Why did the phrase stick in my mind? Well, for one thing, the words are individually gorgeous. Suck is an Old English word, with an ancient Latin root. Each breath we take, each drop of mother’s milk, is sucked from the world.
Fuchsia found its name more recently; it commemorates the 17th-century German botanist Leonhart Fuchs. In moving from botanist to plant, the word softened, became redolent with fragrance, got juicier.
And honey. There is probably no English word that evokes more succulent imagery: golden, pure, sweet. Honeycombs spilling their luscious liquid. Oozy sensuality.
Add “bees” and “drowsy” and you have a mini-dictionary of delight.
But it is not just the words. It is what they do together. Shakespeare tried it, too: “Where the bee sucks, there suck I.” Ulick O’Connor wraps his kiss with every sense, and sucks deeply at the very essence of life.
So what does all this have to do with science?
Even a science writer has moments when he wonders what’s the point of science. Why bother with all the technical arcana, the numbers and graphs, the unlovely lingo, the experiments, dissections and cold abstractions, when all that really matters is a bee sucking honey on a drowsy day? And a kiss.
Václav Havel, Czech poet, playwright and statesman, has given passionate voice to this anti-science sentiment. He writes: “Modern science…abolishes as mere fiction the innermost foundations of our natural world…People thought they could explain and conquer nature — yet the outcome is that they destroyed it and disinherited themselves from it.”
A scientist might, for example, tag honey bees with markers to trace their travels, or fix a honey bee’s body in a wind tunnel to analyze its wing stroke. She might dissect a bee’s abdomen to study the process of partial digestion that turns nectar into honey, or search for the genes along the bee’s DNA that code for hexagonal cells.
Science turns honey into mere regurgitation, Havel might have said, and a drowsy summer day into mere numbers for temperature, humidity, and wind speed. Where in all of this is the ancient fabric of metaphor that instructed our foreparents in what really matters, and which makes a single line of Irish verse woven into upholstery fabric resonate so enduringly in the mind of at least one air traveler?
Which is the “mere fiction?” The design traced by “her lips on mine,” or the accumulated physics, chemistry, and biology that describe the bee and its honey? Fuchsia honey tastes subtly different than the honey of gorse or heather, and the chemist can tell you why, perhaps even give you the formula for those few molecules among the sugars, water, enzymes, vitamins, and minerals that are the unique signature of fuchsia. But what does any of this matter in the face of a honeyed kiss?

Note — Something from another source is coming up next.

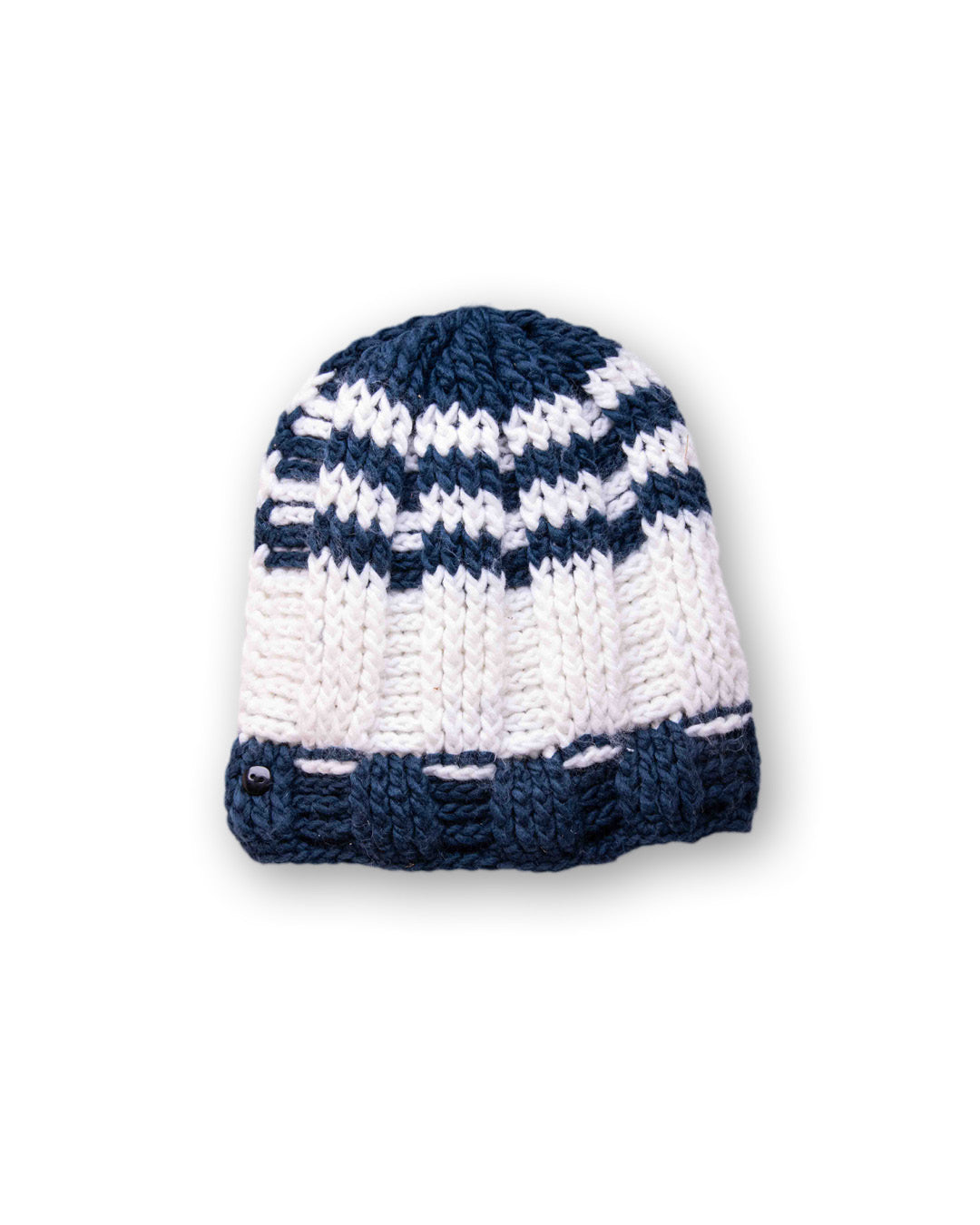 he Transcend Classic Beanie navy white product shot on neutral background showing compact shape and classic tones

The poet explains the unfamiliar (the thrill of that special kiss) in terms of the familiar (bees sucking honey from fuchsia). The scientist explains the familiar (the bee, the honey) in terms of the unfamiliar (aerodynamic lift, arthropodal metabolism, genes). Both poetry and science explore the mystery of the world.
Whenever I find myself drifting into the kind of dreamy reverie that comes from reading too many poetic phrases on the backs of airplane seats, I remind myself that beauty and meaning are found at every scale of creation — at the scale of centimeters (bees and flowers and tongues), yes, but also at the scales of microns and light-years. The beauty and meaning of the very small and the very large can only be perceived through the methods of science.
It’s not one or the other, it seems to me, but both. Poetry and science. There are more kisses in the world than merely those that remind the poet of bees sucking honey on a drowsy day.